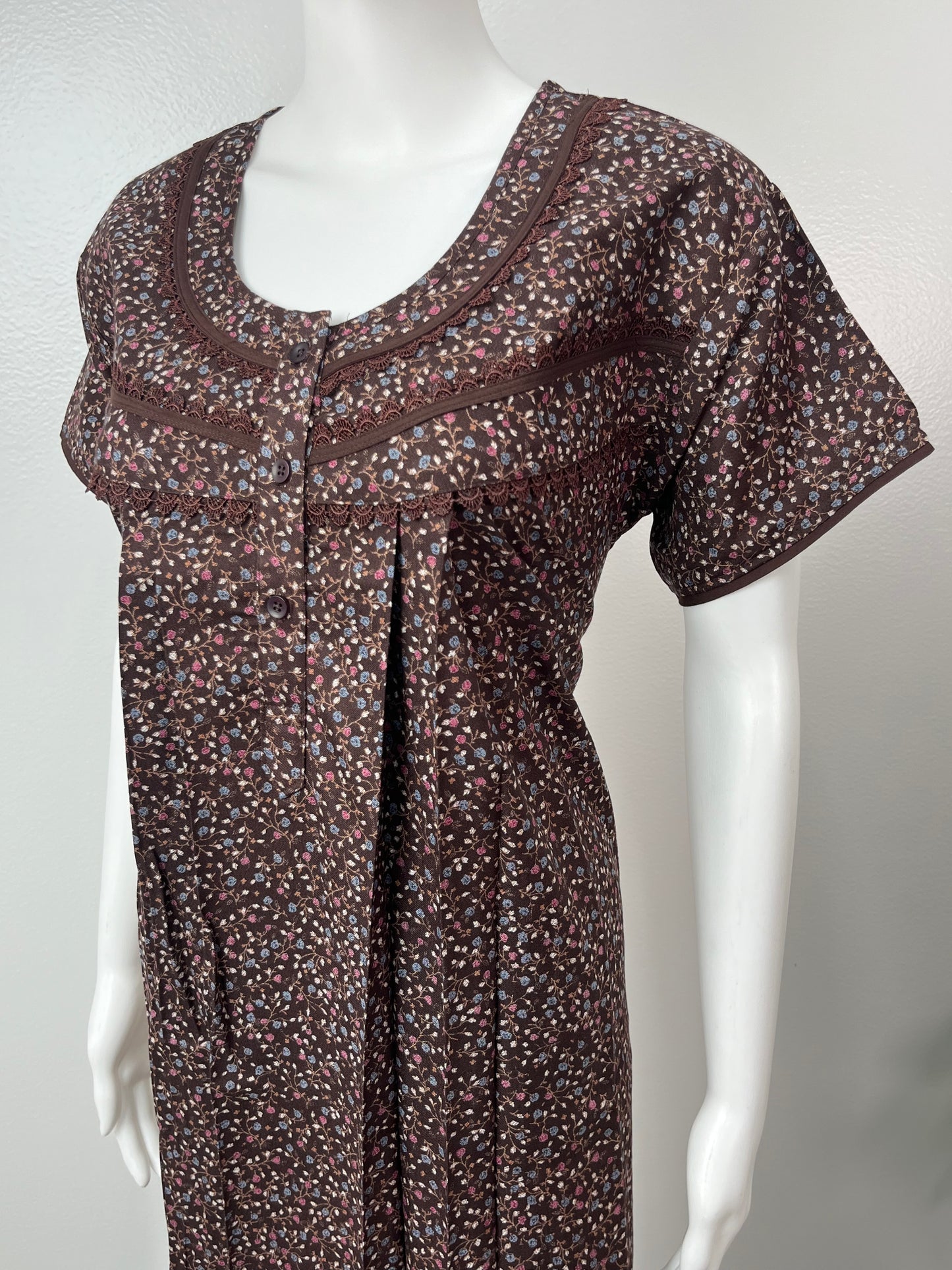 Brown Soft & Breathable Alpine Nightgown Perfect for All Seasons
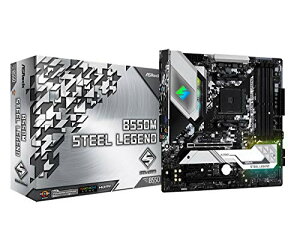 ASRock AMD Ryzen 5000V[Y (Soket AM4)Ή B550`bvZbg Micro ATX }U[{[h K㗝Xi B550M Steel Legend
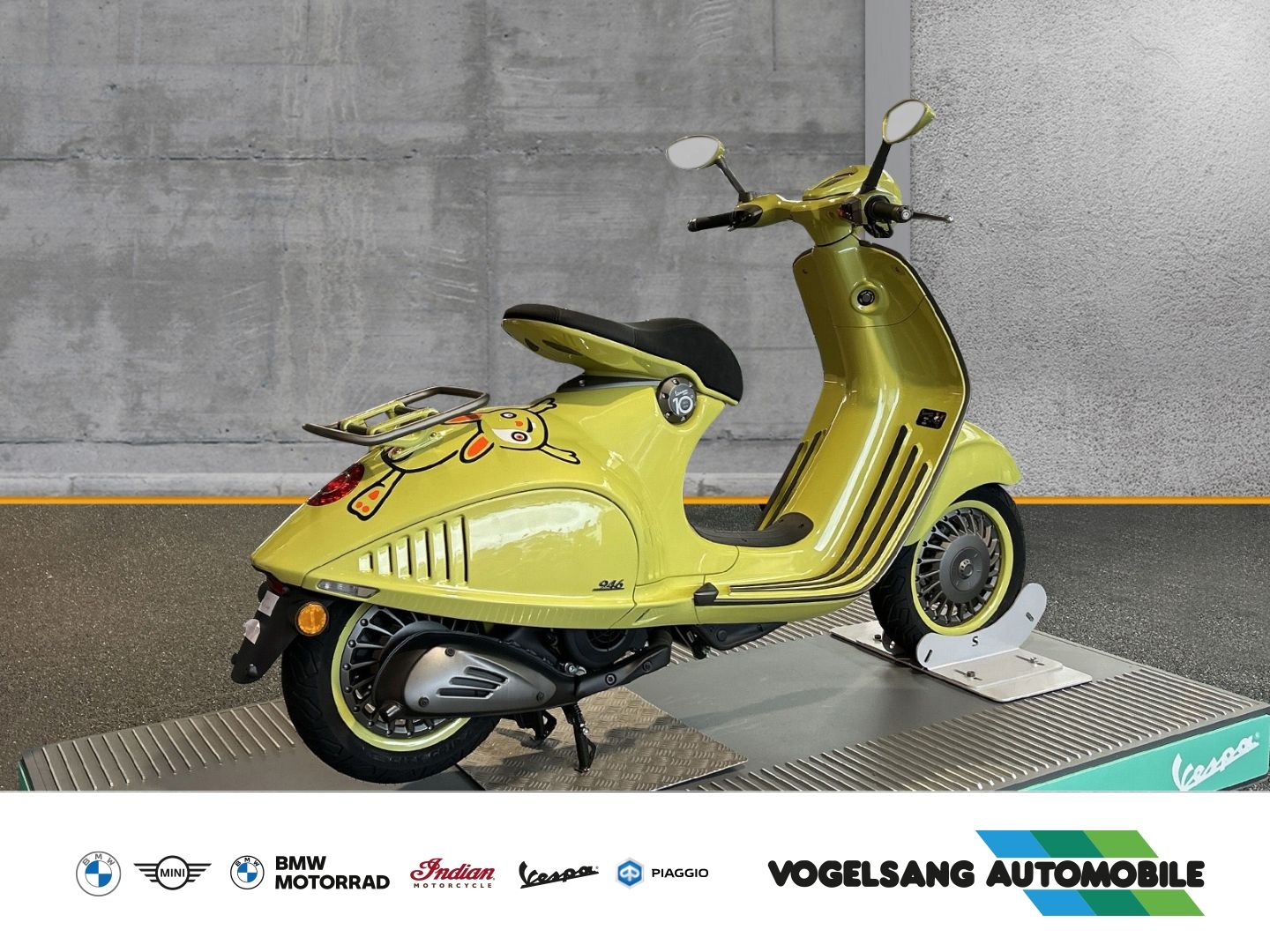 Fahrzeugabbildung Vespa 946 Sondermodell Bunny, Modell-Nr: 854, Tageszul
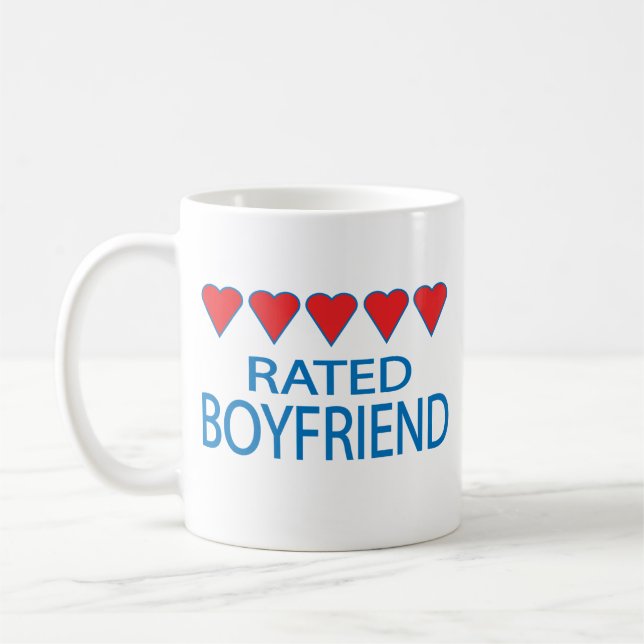 Mug Petit ami à cinq coeurs (Gauche)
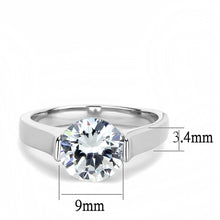 Load image into Gallery viewer, Anillo de Compromiso Boda y Matrimonio con Diamante Zirconia Para Mujeres Color Plata Eboli - Jewelry Store by Erik Rayo
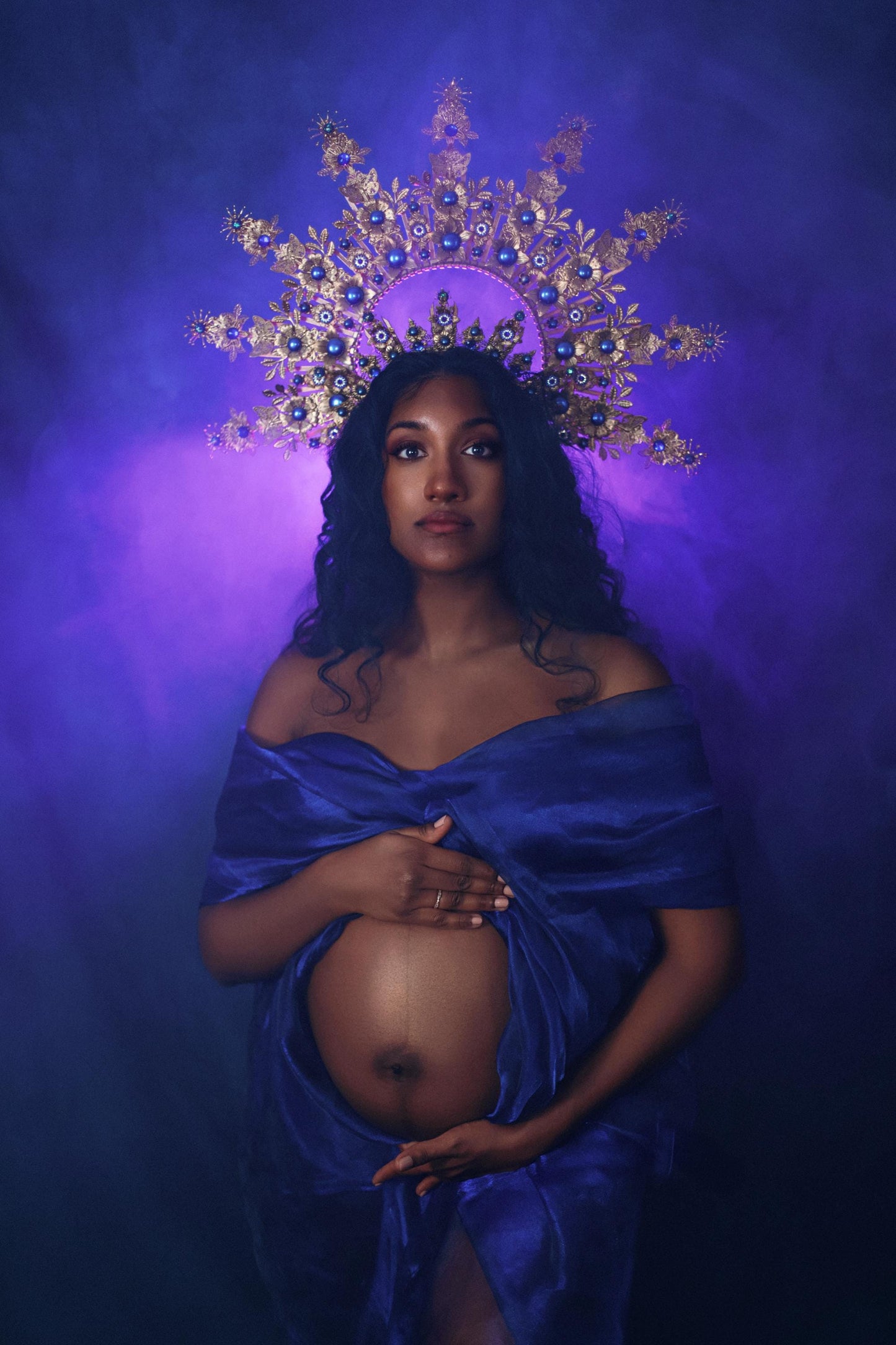 Azure Star Mother Halo Crown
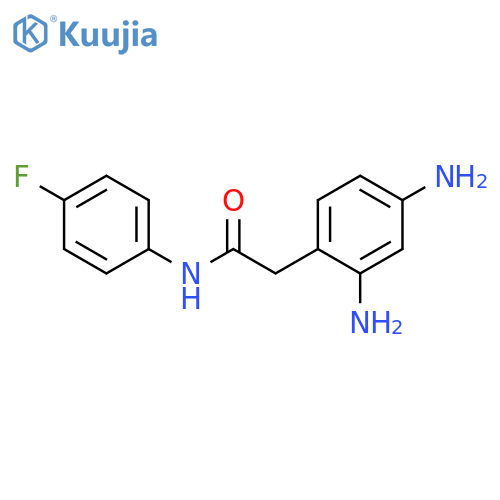 Benzeneacetamide, 2,4-diamino-N-(4-fluorophenyl)- structure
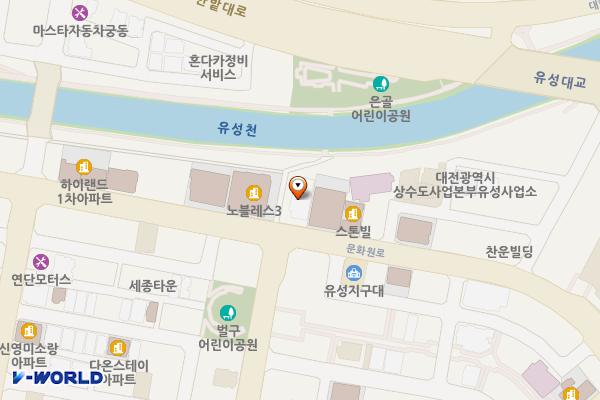 매드진빌딩 위치 지도 — 대전광역시 유성구 문화원로 129 (봉명동)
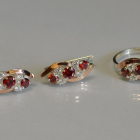 Комплект серебряный с золотыми вставками(пластинами)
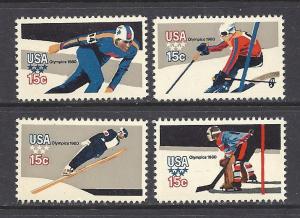 U.S. Sc.# 1795-98 fine mint unhinged set p 11 1/4 x 10 1/2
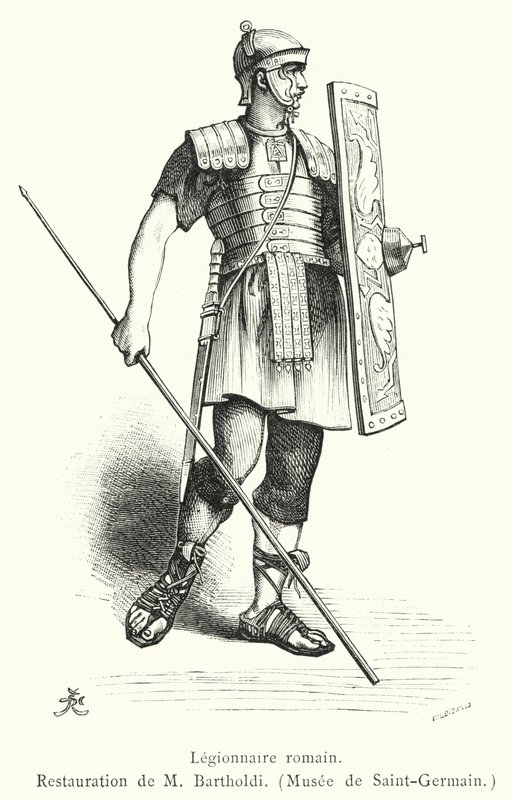 Legionnaire romain (gravyr) av French School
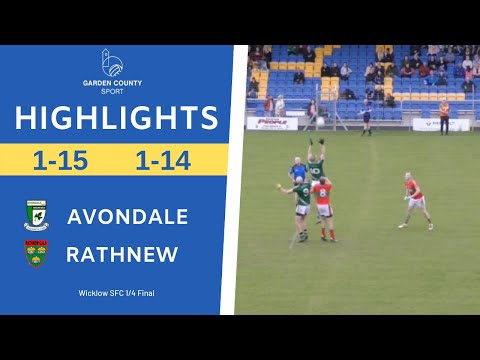 SFC Avondale v Rathnew 15/10/2019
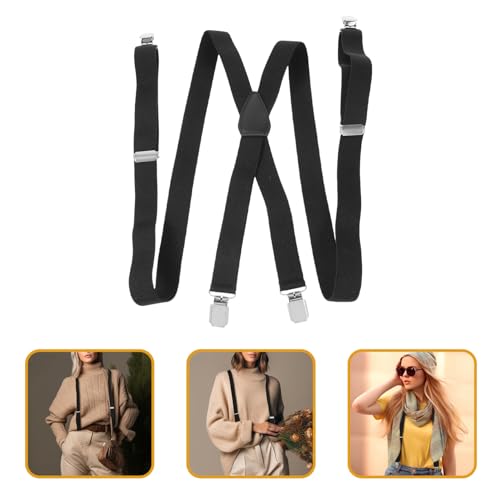 Tirantes ajustables para pantalones con clips de alta sujeción y correas elásticas Mipcase 4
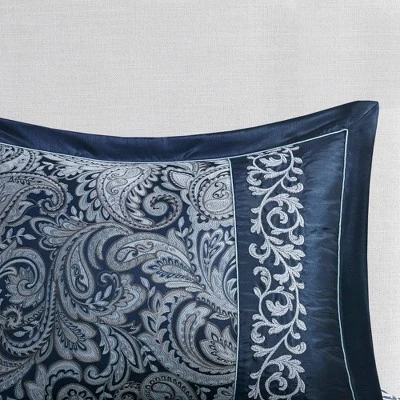 Martha Jacquard Comforter Set Navy - Madison Park - Image 6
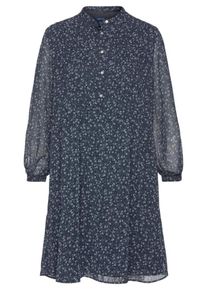 Gant, Damen Blusenkleid, Marine / Naturwei&szlig;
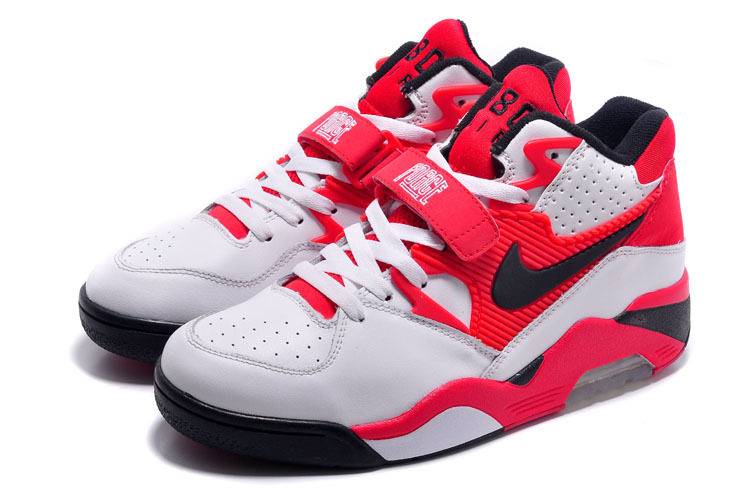New Release Air Force 180 Barkley White Red Black Shoes - Click Image to Close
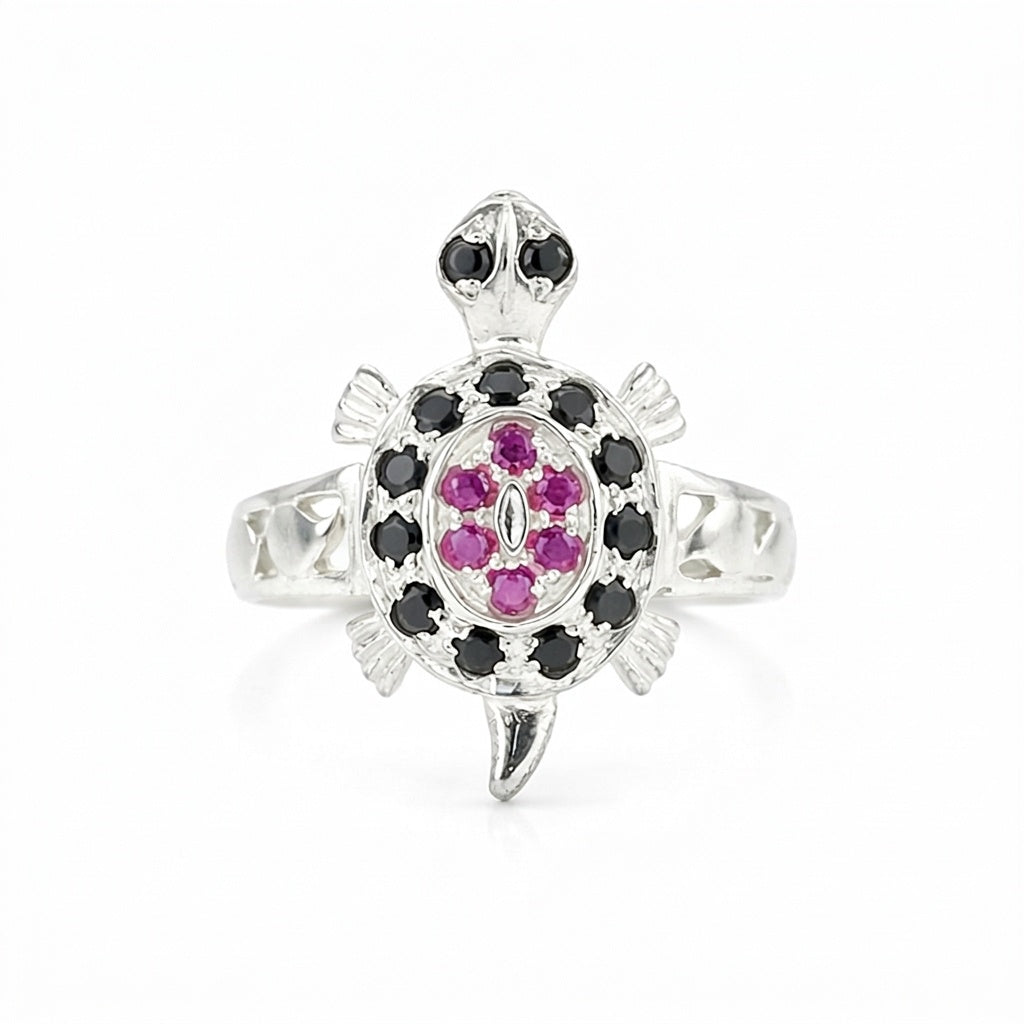 Round Cut Pink Ruby 8.00 Ct Ring in 925 Sterling Silver for Women Luxury Style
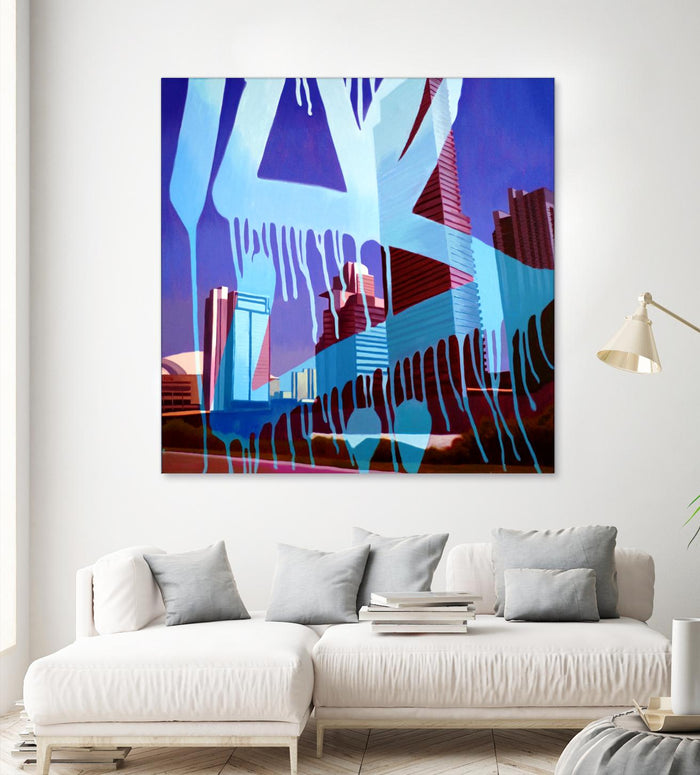 Toronto Main stream by James Nye on GIANT ART - red street art graffiti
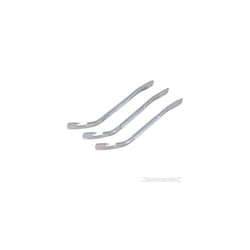 3 Piece 110mm Metal Tyre Lever Set - Silverline 3pce Bike 893867 Bicycle -  tyre lever metal set silverline 3pce 110mm bike 893867 bicycle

▸ How to complete this task:
Reproduce these records exactly, but not the pictures.

▸ Response to the task:
 Brown Soft & Breathable Alpine Nightgown Perfect for All Seasons
 ASRock AMD Ryzen 5000V[Y (Soket AM4)Ή B550`bvZbg Micro ATX }U[{[h K㗝Xi B550M Steel Legend
 Fahrzeugabbildung Vespa 946 Sondermodell Bunny, Modell-Nr: 854, Tageszul
 Mug Petit ami à cinq coeurs (Gauche)
 Load image into Gallery viewer, Anillo de Compromiso Boda y Matrimonio con Diamante Zirconia Para Mujeres Color Plata Eboli - Jewelry Store by Erik Rayo
 Azure Star Mother Halo Crown
 Benzeneacetamide, 2,4-diamino-N-(4-fluorophenyl)- structure
 매드진빌딩 위치 지도 — 대전광역시 유성구 문화원로 129 (봉명동)
 Комплект серебряный с золотыми вставками(пластинами)
 U.S. Sc.# 1795-98 fine mint unhinged set p 11 1/4 x 10 1/2
 Legionnaire romain (gravyr) av French School
 SFC Avondale v Rathnew 15/10/2019
 Tirantes ajustables para pantalones con clips de alta sujeción y correas elásticas Mipcase 4
 Martha Jacquard Comforter Set Navy - Madison Park - Image 6
 Gant, Damen Blusenkleid, Marine / Naturwei&szlig;
New Release Air Force 180 Barkley White Red Black Shoes - Click Image to Close
 Round Cut Pink Ruby 8.00 Ct Ring in 925 Sterling Silver for Women Luxury Style
 Toronto Main stream by James Nye on GIANT ART - red street art graffiti
 3 Piece 110mm Metal Tyre Lever Set - Silverline 3pce Bike 893867 Bicycle -  tyre lever metal set silverline 3pce 110mm bike 893867 bicycle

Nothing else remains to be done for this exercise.